At that time, plentiful overseas travel was one of the perks of my job as a reporter and feature writer on Travel Trade Gazette, a publication that owners and staff alike proudly proclaimed as the world’s first weekly publication for the travel industry.
We reported on the politics, finances, management and products of this rapidly expanding industry. Not merely from a UK aspect, but globally.
The world was ours to investigate and explore, not from the view of the holidaymaker but from that of those who created the products.
New hotels had to be inspected, resorts checked out, marketing plans examined, each new air route flown. There were tourism chiefs to be interviewed and international conferences to be attended and reported on. The world was indeed our oyster.
And a very tasty mollusc it proved to be for a bunch of young journalists, most of them yet to see their thirtieth birthday.
An occasional weekend in Beirut was thus routine.
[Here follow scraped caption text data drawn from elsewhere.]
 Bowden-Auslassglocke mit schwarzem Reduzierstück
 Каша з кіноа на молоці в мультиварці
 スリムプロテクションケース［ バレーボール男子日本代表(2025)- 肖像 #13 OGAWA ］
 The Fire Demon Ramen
It would began with the Friday afternoon trip out to London Airport (this was in pre-Heathrow days) where our hosts saw us into our first-class seats for the MEA dinner flight to Beirut.
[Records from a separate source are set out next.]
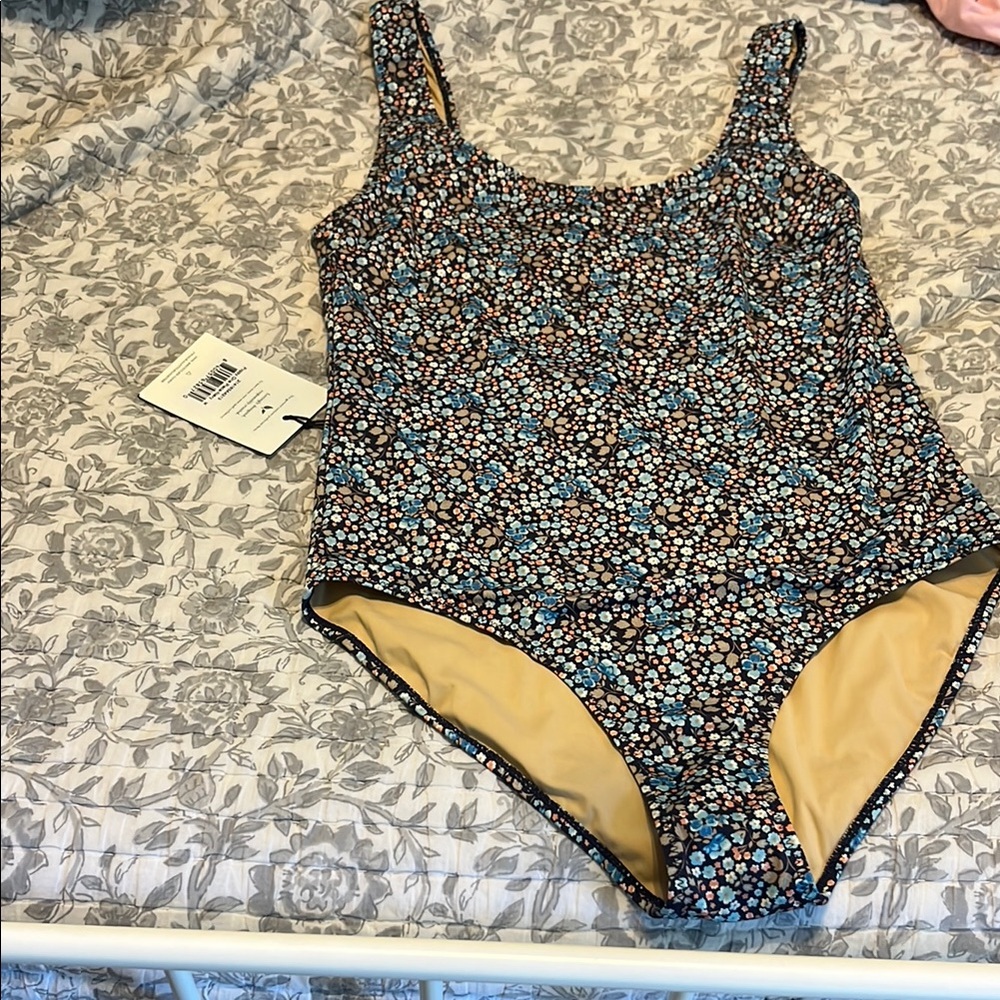 Floral One-Piece Swimsuit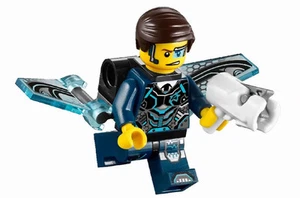 LEGO Ultra Agents - Agent Curtis Bolt with Wings - Figur Minifig Agenten 70168 - Imagen 1 de 1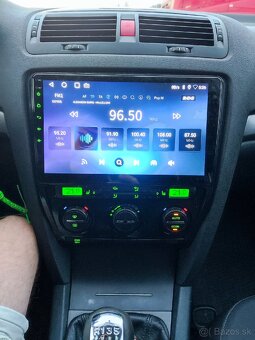 Dotykové autoradio JUNSUN, Android Octavia 2 - 3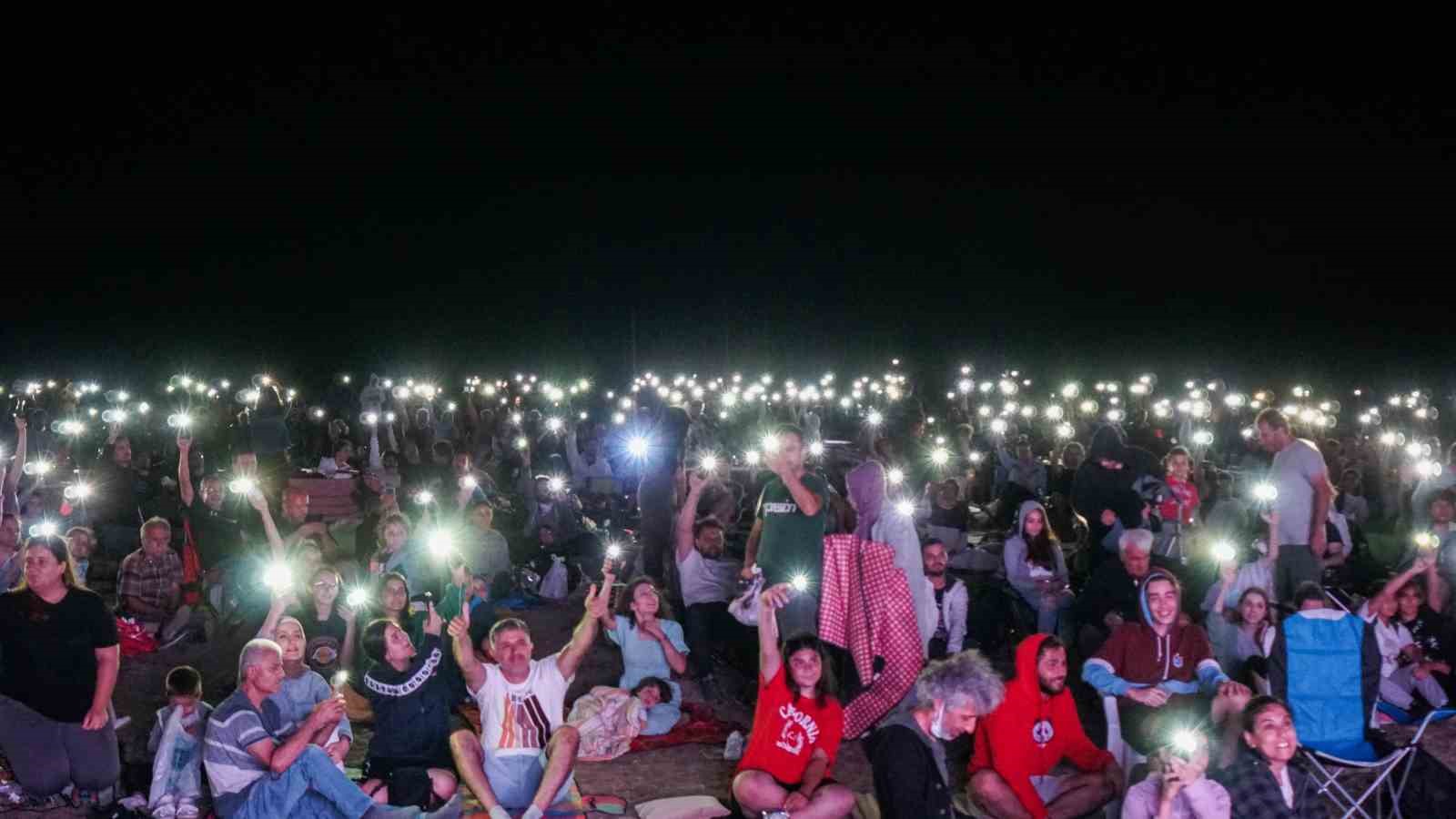 Başkan Karabatı: "Meteor yağmuru etkinliğimiz bu yıl da yapılacak"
Check-in to the luxurious waterfront Hotel Phoenicia was followed by an exploration of a city that had no trouble justifying its tag of “the Paris of the Middle East”. It was a golden sparkling vibrant city where few could have imagined the carnage and devastation that was to come.
After breakfast, cars whizzed us off through the famed cedars of Lebanon and into the awesome Beka’a Valley.
A dominant feature of this vast plain is the Temple of Jupiter, (pictured right), one of the wonders of the ancient world. Down the centuries it has been frequently vandalised, usually in the name of religion until only its six towering columns remain amid the city’s expansive ruins.
Such unfathomable destruction as has been wreaked on Baalbeck and its spread of ancient building and monuments continues to sadden as my postcard stirs memories of starlit nights attending performances amid the temple’s towering columns.
Sunday – after a luxurious and bibulous Saturday night dinner – was usually a day of much-needed rest and recreation; exploring the souks and alleys of Beirut, sampling the Phoenicia’s pampering, or water-skiing and swimming in the Mediterranean off the hotel’s deck.
It was all good preparation for a flight that departed in Monday’s wee small hours and got me back in London in time to stumble into the office and start another day’s work.
A tough life but, as the saying goes, someone had to do it. And as I gaze at this old postcard I’m thankful it had to be me.
It was a world and experience never to be recaptured.